# EXERCISE DETAILS
Look through the data below and extract, unchanged, the lines from the one that contains "Photo - የመኪና እጣን ማጨሻ" to the one that contains "Lote/Terreno à venda, 1652m²", both included.

# SOURCE MATERIAL
________________________________________

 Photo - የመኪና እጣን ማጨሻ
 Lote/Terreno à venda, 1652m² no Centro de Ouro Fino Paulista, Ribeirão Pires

________________________________________

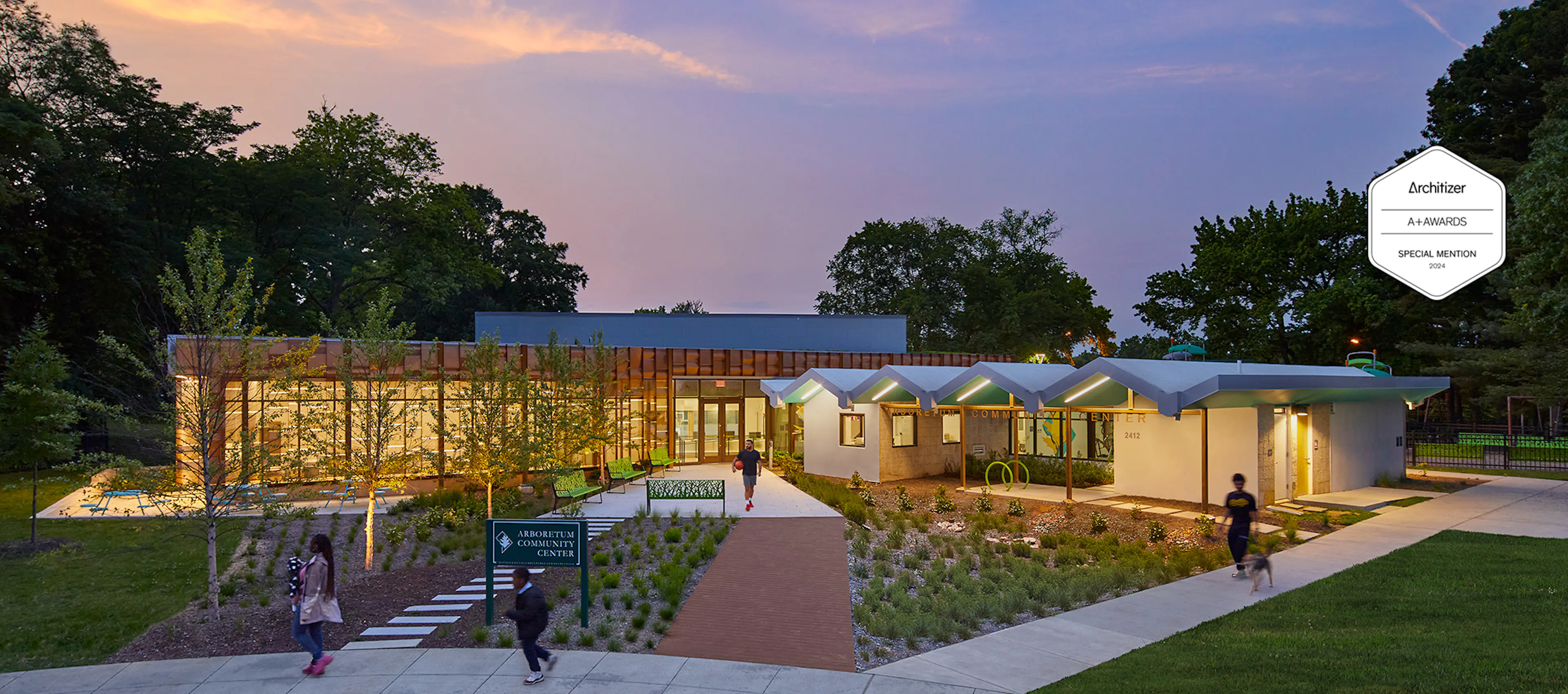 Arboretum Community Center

________________________________________

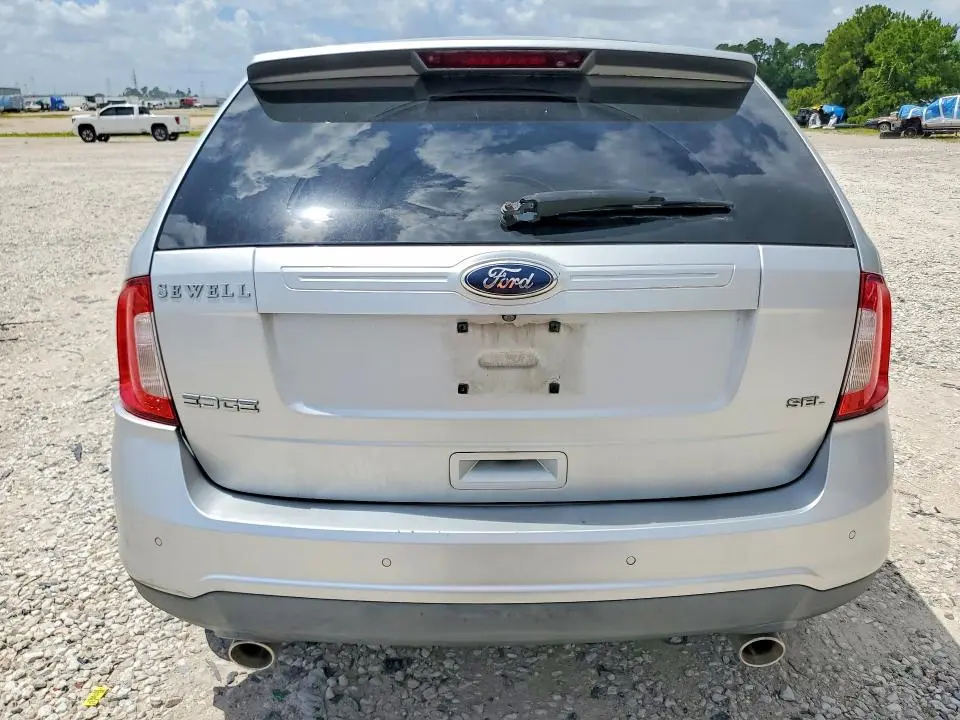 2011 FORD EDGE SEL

________________________________________

# WRITTEN ANSWER
 Photo - የመኪና እጣን ማጨሻ
 Lote/Terreno à venda, 1652m² no Centro de Ouro Fino Paulista, Ribeirão Pires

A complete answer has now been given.